Housing prices have been beaten to death here. It's just rampant speculation, and I feel the same way about gold. Healthcare... yeah, it has gotten insanely expensive.

92   DinOR   2007 Jun 27, 5:33am  

Brand,

Well... I didn't say it -wasn't-? It's true, (as per HARM's chart) crude only dipped below $10 very briefly but we paid a buck and change for much of the late 90's.

Randy DID promise that ethanol would be a boondoggle, so justifying higher food prices ALREADY is evidence enough where I'm concerned. If it were that impactful this soon wouldn't you think there would be some relief at the pump?

93   astrid   2007 Jun 27, 5:40am  

Brand,

I have to disagree about housing and education, those things are overpriced not merely because demand is greater than supply, but due to an unfortunately misperception that education and housing are "sure bets" that are worth any price. This causes people to overestimate the value and pay any price for the good. Properly priced, there are plenty of housing in this country and space for a lot more. There are also lots and lots of Ph.Ds (esp. in the humanities) who are only too happy to teach and do research for $40-60K a year.

These trends are harmful to everyone long term except administrators/tenured professors/student loan officers in education and realtors/builders/mortgagers/current owners intending to sell.

Much of the current high oil price is also tied to Middleeastern instability, though China/India/SUVs&McMansions certainly do their part.

DinOR,

When partying in Scandanavia, bring your own alcohol or load up on dutyfree booze.

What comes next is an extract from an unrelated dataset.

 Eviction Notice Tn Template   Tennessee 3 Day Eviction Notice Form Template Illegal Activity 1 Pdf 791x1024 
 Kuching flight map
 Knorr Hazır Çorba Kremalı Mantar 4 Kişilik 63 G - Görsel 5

94   StuckInBA   2007 Jun 27, 5:50am  

The question to ask yourself is exactly, precisely, in concrete-terms, why do you care about a weak USD? Tell me exactly what it is costing you in your real life.

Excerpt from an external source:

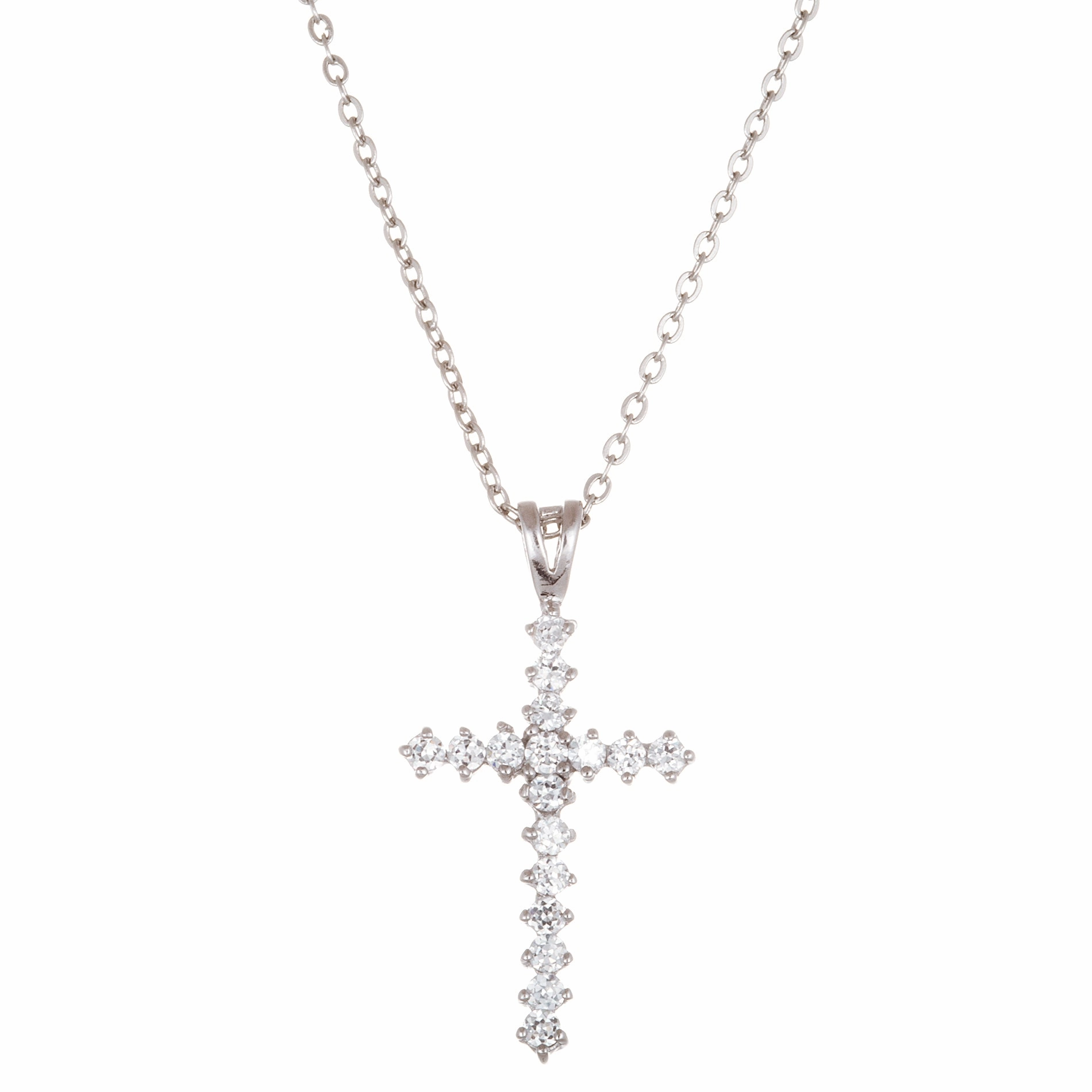Simple Elegance Sterling Silver Cubic Zirconia Big Cross Pendant Necklace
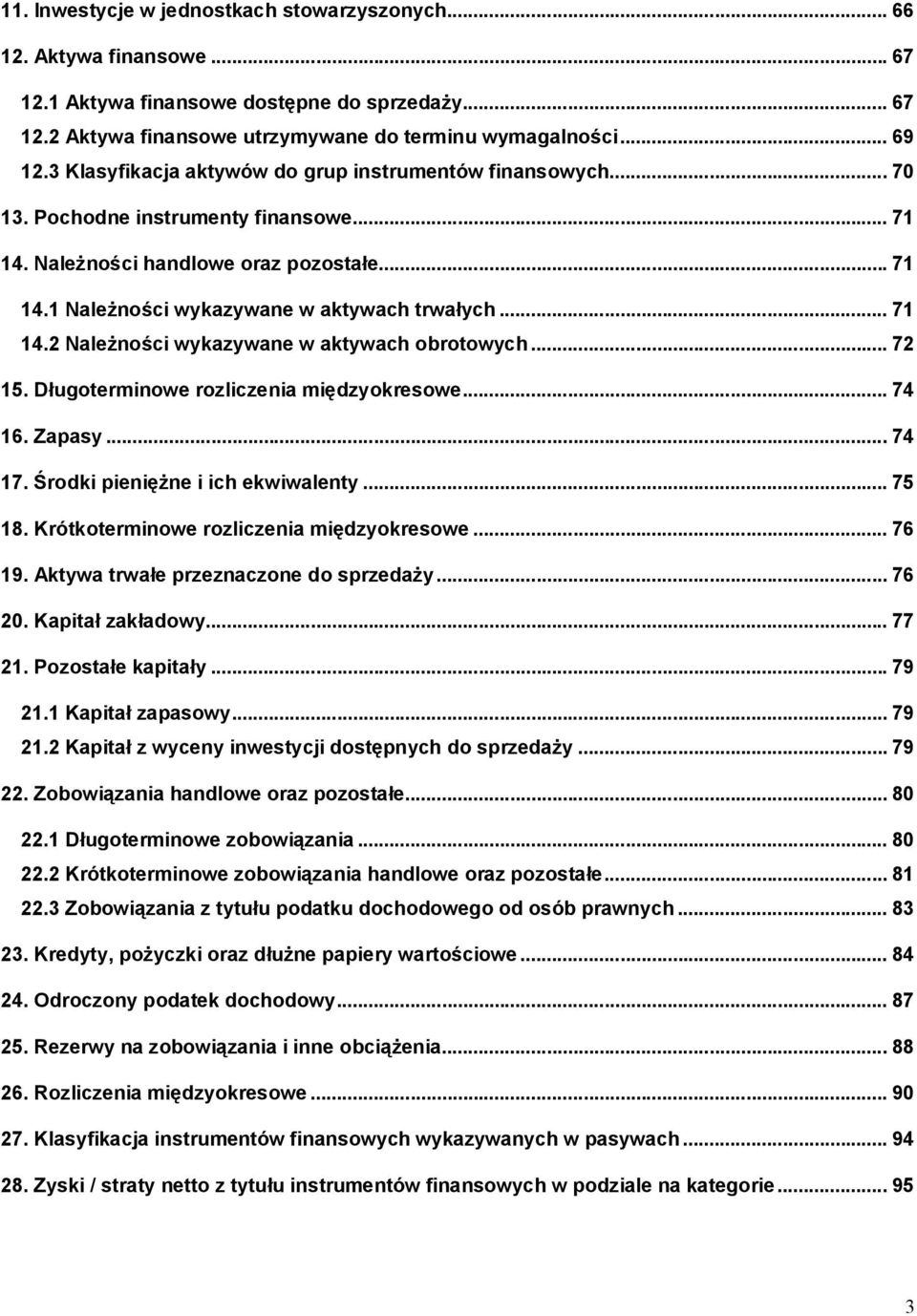 .. 71 14.2 Należności wykazywane w aktywach obrotowych... 72 15. Długoterminowe rozliczenia międzyokresowe... 74 16. Zapasy... 74 17. Środki pieniężne i ich ekwiwalenty... 75 18.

I deeply care about the state of US$. In a way that hasn't been mentioned in this thread.

In my real day to day life, the increased spending on gas doesn't bother me much. It's a small portion of my expenses. Rent, day care etc eat significant chunk of my money. It's hard to quantitatively attribute how much increase in these costs is due to falling US$.

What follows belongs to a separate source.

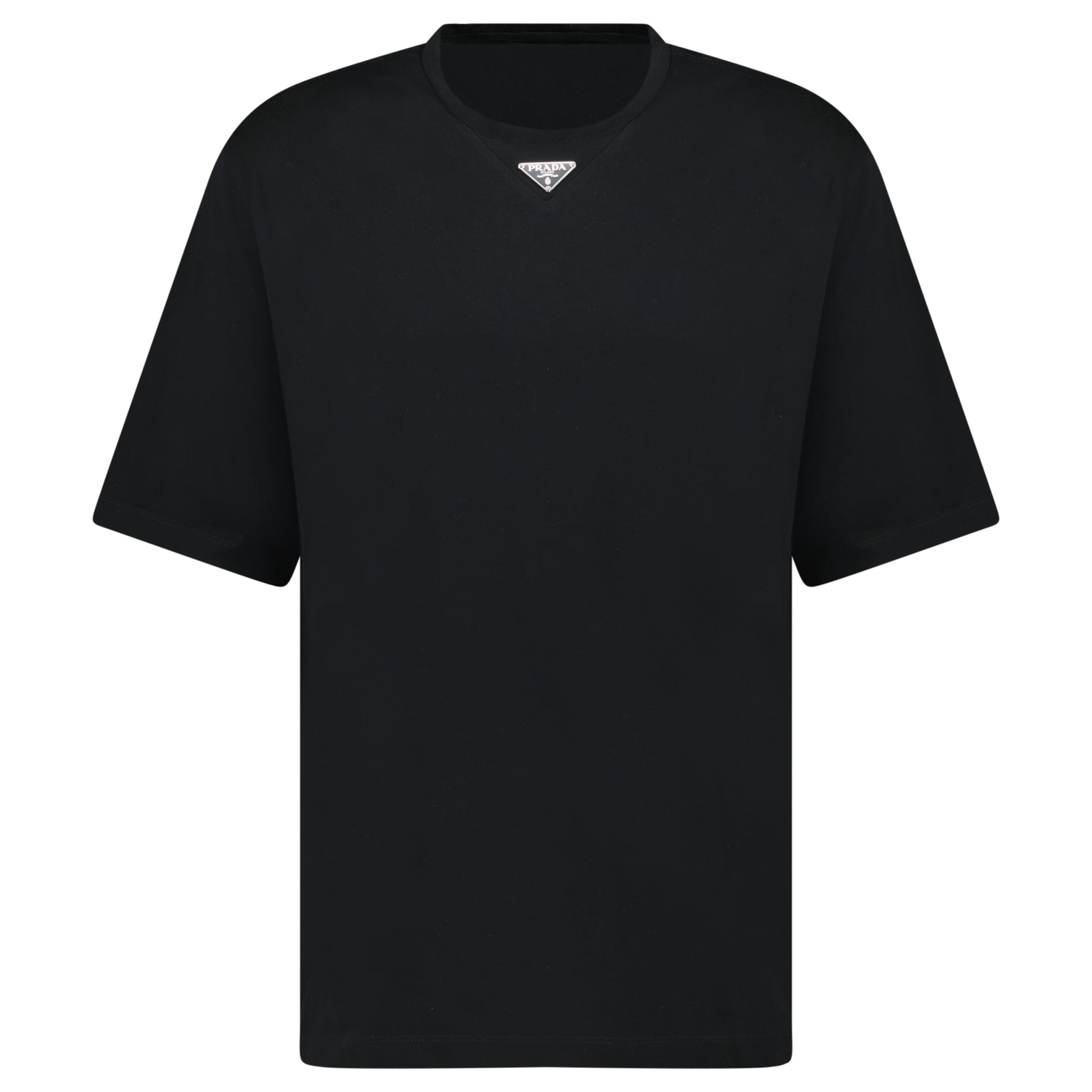 PRADA TRIANGLE BADGE BLACK T SHIRT - XL (Fits XXL) - Affluent ArchivesUsed HIGH END DESIGNER CLOTHING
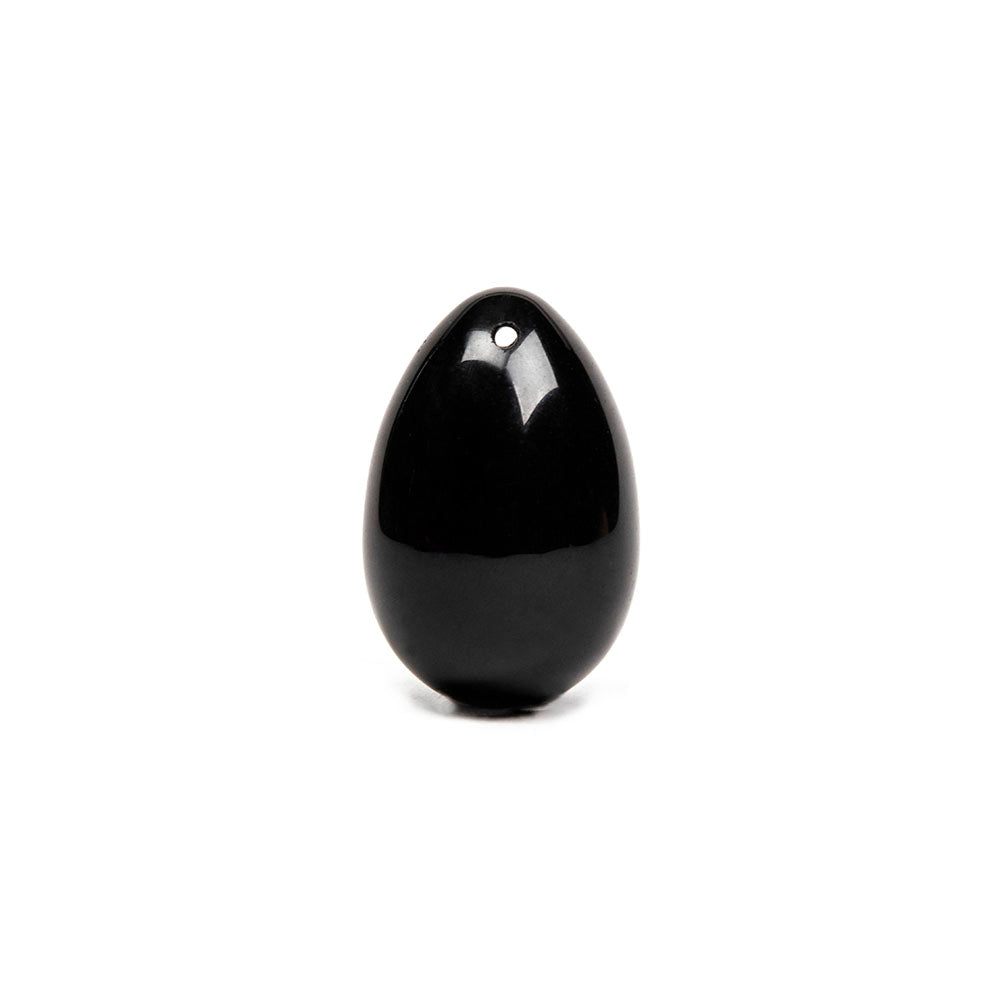 CHAKRUBS - XAGA YONI EGG OBSIDIAN (DRILLED)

My main worry is job outsourcing. The value of US$ in other currencies, mainly INR has a significant impact on this. So the falling US$ actually provides some help in securing my job. I know this is just ONE factor, but it IS a factor, and quite important one at that.

Falling US$ is a mixed bag, but to me, it has more positive than negative.

95   HeadSet   2007 Jun 27, 6:38am  

DinOR,

I guess ethanol changes the old saw that "they can't consume fuel, and we can't put food in our gas tanks."

Actually, a mix of 80% ethanol and 20% water makes a fine piston engine fuel (very high octane qualities). To mix with gasoline, ethanol needs to be quite pure (water and gasoline do not mix). Refining pure ethanol is much more expensive than distilling a 80/20 mix. If we could overcome the fear of losing the gasoline option (a piston car engine optimized for ethanol can no longer effectively run 100 octane or less gasoline*), 80/20 may be the way to go. That is, for energy independence. Without subsidies and tax breaks, gasoline has a big cost advantage over ethanol.

Ethanol does have less thermo potential than gasoline, but that can be made up for by much higher compression ratios, like 14 to 1.

*The Model T could burn either gasoline or ethanol, but it had a very low compression ratio, inefficient for either fuel. And yes, some technology like a computer controlled dynamic retarded spark (only fire after the piston is coming down off the compression stroke, when the pressure is lower) could allow gasoline to not knock in an ethanol optimized engine (14 to 1)

96   astrid   2007 Jun 27, 6:51am  

Ethanol from corn is an all around terrible idea.